On 2014/8/18 20:27, Dr. David Alan Gilbert wrote:
* zhanghailiang (zhang.zhanghaili...@huawei.com) wrote:
For all NICs(except virtio-net) emulated by qemu,
Such as e1000, rtl8139, pcnet and ne2k_pci,
Qemu can still receive packets when VM is not running.
If this happened in *migration's* last PAUSE VM stage,
The new dirty RAM related to the packets will be missed,
And this will lead serious network fault in VM.
I'd like to understand more about when exactly this happens.
migration.c:migration_thread in the last step, takes the iothread, puts
the runstate into RUN_STATE_FINISH_MIGRATE and only then calls
qemu_savevm_state_complete
before unlocking the iothread.
Hmm, Sorry, the description above may not be exact.
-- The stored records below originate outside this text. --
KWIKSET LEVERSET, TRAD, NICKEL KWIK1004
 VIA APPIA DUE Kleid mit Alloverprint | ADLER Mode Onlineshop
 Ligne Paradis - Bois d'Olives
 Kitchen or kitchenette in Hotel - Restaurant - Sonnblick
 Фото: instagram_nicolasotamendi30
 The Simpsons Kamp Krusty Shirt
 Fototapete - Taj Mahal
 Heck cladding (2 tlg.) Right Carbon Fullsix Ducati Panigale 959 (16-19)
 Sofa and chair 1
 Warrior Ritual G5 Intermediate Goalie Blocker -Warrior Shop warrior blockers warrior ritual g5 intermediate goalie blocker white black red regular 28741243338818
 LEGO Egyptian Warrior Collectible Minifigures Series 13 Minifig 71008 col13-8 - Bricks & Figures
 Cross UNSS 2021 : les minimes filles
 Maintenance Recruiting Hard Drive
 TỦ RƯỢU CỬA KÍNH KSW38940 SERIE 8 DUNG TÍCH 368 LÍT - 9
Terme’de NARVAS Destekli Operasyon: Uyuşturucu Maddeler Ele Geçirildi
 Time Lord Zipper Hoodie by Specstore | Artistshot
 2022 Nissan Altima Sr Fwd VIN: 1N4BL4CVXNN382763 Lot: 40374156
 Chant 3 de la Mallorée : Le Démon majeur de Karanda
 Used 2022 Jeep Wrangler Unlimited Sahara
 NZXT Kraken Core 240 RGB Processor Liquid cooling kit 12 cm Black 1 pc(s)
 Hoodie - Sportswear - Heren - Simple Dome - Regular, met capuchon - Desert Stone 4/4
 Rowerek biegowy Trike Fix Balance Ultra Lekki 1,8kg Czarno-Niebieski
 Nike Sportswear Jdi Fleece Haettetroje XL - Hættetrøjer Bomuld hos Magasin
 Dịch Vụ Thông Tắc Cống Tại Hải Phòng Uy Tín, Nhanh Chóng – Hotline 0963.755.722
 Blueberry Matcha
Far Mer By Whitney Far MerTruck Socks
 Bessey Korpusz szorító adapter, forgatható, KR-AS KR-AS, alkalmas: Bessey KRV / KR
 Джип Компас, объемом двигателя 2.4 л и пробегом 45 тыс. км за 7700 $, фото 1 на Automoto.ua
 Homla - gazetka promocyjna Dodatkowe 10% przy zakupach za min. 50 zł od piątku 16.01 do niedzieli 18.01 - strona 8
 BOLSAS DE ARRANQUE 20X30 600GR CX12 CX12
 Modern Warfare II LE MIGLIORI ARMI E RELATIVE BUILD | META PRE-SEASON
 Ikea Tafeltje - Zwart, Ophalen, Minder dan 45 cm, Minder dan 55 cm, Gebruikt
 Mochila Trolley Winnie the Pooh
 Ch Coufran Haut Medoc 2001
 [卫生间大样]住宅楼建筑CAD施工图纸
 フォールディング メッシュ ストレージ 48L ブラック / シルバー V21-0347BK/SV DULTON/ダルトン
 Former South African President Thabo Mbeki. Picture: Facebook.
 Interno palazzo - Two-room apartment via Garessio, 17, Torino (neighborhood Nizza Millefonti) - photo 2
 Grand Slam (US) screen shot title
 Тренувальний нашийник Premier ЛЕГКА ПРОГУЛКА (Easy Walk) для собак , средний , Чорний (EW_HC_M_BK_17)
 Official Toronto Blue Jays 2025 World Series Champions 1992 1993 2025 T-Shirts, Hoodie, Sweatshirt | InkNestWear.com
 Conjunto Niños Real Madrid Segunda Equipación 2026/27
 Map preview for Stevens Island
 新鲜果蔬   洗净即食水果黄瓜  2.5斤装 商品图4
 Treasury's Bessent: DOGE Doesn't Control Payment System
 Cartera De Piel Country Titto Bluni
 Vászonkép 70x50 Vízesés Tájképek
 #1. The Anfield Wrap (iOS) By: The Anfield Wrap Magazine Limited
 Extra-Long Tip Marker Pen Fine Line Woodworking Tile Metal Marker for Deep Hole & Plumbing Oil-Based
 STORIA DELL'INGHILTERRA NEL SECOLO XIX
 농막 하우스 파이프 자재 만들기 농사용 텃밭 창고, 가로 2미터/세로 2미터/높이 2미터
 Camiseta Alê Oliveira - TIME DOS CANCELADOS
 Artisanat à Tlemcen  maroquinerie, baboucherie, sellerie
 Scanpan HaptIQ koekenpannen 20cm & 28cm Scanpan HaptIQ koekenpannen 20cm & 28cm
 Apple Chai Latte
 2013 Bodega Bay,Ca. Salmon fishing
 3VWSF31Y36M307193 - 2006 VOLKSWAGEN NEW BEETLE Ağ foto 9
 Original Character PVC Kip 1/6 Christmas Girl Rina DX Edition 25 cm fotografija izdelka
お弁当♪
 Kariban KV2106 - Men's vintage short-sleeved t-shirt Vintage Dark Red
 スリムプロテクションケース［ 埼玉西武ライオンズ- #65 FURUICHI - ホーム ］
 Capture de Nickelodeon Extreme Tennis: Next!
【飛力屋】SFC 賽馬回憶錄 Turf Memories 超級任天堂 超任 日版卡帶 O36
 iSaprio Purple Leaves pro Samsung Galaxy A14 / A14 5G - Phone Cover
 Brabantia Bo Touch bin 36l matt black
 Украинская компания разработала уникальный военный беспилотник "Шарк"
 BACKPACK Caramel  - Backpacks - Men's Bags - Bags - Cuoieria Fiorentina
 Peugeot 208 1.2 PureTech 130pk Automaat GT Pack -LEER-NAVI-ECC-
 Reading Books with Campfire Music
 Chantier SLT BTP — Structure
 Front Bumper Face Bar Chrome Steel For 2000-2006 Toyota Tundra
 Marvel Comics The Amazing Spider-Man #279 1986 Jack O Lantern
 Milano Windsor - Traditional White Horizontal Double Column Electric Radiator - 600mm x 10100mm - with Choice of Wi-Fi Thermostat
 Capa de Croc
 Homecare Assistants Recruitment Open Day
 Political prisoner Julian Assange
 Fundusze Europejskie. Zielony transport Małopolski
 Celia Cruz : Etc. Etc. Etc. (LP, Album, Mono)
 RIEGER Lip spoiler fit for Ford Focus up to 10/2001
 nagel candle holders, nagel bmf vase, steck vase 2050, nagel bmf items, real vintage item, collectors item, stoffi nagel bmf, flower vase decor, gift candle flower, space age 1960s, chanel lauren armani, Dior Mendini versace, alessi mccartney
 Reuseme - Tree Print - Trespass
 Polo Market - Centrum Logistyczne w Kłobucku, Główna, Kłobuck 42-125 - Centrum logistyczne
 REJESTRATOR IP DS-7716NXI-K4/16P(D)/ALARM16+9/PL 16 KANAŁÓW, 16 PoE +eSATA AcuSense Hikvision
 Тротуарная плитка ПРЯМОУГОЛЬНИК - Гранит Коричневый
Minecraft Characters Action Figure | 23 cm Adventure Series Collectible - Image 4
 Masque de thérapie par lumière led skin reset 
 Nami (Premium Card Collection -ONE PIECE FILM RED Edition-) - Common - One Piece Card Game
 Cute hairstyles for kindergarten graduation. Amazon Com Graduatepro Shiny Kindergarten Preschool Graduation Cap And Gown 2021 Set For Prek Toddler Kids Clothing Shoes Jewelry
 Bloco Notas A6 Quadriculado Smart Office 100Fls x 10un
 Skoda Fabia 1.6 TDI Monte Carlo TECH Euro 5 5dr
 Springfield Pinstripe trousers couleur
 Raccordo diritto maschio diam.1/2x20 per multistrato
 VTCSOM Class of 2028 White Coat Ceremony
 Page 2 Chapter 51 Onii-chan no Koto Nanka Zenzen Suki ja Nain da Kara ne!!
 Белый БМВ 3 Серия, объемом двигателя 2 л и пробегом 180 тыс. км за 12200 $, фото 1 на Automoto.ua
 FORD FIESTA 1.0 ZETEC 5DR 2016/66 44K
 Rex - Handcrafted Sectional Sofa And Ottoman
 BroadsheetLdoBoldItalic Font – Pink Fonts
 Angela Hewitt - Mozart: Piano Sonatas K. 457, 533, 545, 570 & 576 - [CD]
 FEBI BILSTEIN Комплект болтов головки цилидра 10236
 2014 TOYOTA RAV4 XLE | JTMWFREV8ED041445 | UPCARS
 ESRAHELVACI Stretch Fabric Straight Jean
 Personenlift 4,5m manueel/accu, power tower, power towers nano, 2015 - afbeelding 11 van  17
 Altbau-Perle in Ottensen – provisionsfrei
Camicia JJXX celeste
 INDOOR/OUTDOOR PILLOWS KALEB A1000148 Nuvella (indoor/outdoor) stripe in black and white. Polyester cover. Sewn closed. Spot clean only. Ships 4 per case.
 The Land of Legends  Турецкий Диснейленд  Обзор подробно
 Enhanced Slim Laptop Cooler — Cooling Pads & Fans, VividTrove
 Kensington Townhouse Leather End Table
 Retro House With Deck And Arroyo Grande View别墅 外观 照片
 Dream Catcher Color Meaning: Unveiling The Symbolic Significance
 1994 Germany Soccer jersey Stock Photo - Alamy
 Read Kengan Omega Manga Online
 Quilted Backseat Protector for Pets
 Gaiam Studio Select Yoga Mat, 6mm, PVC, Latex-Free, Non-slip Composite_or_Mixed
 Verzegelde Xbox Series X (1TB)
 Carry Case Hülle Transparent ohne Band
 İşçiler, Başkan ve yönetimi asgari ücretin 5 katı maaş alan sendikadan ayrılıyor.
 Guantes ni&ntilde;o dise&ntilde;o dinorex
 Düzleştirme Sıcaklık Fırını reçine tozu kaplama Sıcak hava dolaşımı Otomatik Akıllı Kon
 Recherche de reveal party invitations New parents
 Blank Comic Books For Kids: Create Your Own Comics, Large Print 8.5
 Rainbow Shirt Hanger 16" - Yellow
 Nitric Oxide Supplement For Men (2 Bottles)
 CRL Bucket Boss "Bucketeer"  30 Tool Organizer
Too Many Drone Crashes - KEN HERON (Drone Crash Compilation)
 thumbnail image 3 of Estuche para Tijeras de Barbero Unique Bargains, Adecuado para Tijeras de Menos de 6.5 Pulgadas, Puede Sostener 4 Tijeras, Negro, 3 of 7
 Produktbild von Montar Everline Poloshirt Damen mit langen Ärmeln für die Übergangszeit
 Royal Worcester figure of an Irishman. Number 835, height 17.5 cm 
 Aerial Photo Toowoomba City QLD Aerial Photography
Actually, the action of receiving packets action happens after the
migration thread unlock the iothread-lock(when VM is stopped), but
before the end of the migration(to be exact, before close the socket
fd, which is used to send data to destination).
I think before close the socket fd, we can not assure all the RAM of the
VM has been copied to the memory of network card or has been send to
the destination, we still have the chance to modify its content. (If i
am wrong, please let me know, Thanks. ;) )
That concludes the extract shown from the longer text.